Regulatory and Internal Investigations

Regulatory and Internal Investigations

SGS regularly represents clients in regulatory investigations and internal investigations, including in matters involving accounting irregularities and allegations of insider trading. The practice is led by Andrew Shoemaker, a former enforcement attorney for the U.S. Securities and Exchange Commission and special assistant U.S. attorney.

Representative Investigations

The Outcome: Board of a New York Stock Exchange-listed company determined that there was no wrongdoing by SGS’s client and closed the matter. The Case: A board member of a predecessor company accused SGS’s client, the CEO of a public company, of fraud and breaches of fiduciary duty. After an in-depth investigation by the Special Litigation Committee, it reported that neither its legal nor financial advisors had found any evidence to support the allegations.

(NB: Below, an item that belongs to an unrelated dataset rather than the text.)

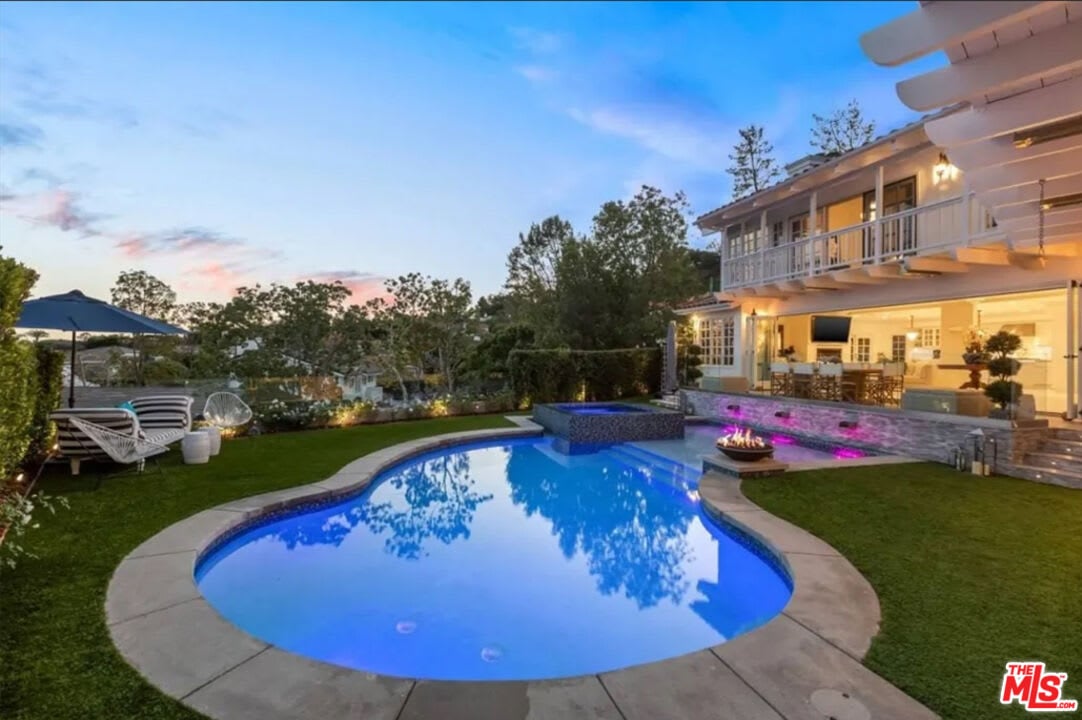 Summit Oasis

The Outcome: SEC closed an insider trading inquiry without filing charges. The Case: After learning of trading by the relative of the CEO of a publicly-held company in advance of the announcement of a going private transaction, the SEC conducted an investigation concerning possible insider trading.

The Outcome: Internal investigation by the board of a publicly-held company was closed without filing charges. The Case: After the discovery of accounting irregularities and possible violations of a variety regulations, the board investigated to determine the CEO’s level of knowledge and participation in the events at issue.

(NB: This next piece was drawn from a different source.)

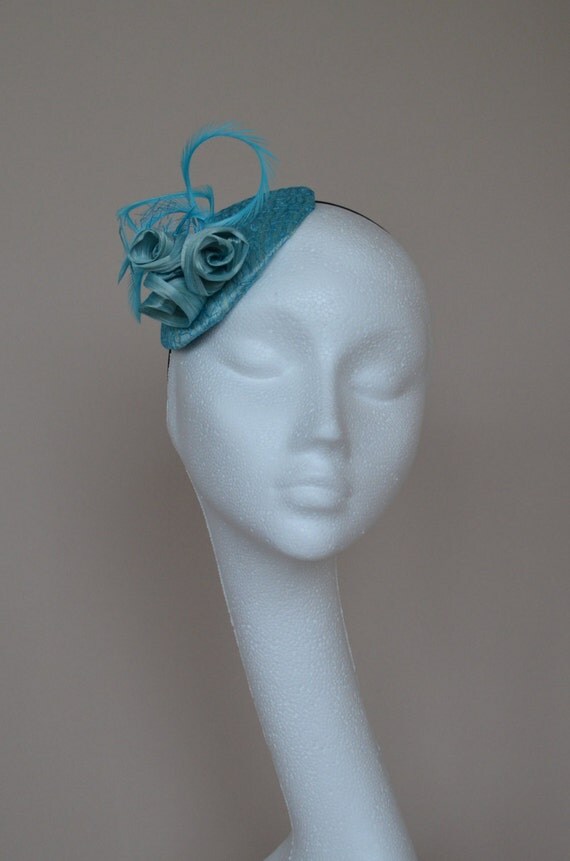 Aqua blue fascinator. Aqua blue silk wedding hat. Turquoise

A further list of representative investigations is available here.

Representing an oil and gas company and management in connection with extensive litigation involving the Colorado Attorney General and the Colorado Securities Act.

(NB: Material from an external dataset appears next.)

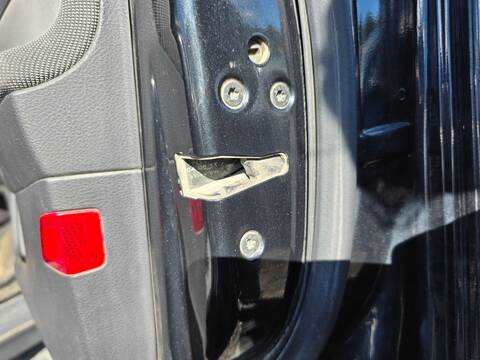 Cerradura Puerta Delantera Derecha Ford Focus AMBIENTE 105CV 77KW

Represented the audit committee of a Fortune 500 company in connection with an internal investigation regarding various accounting issues.

Represented the Chairman of the Board of a publicly-held company in connection with an SEC investigation concerning potential accounting and disclosure violations, including the failure to properly report perks provided to its executives as compensation. SEC resolved the matter with no action against client.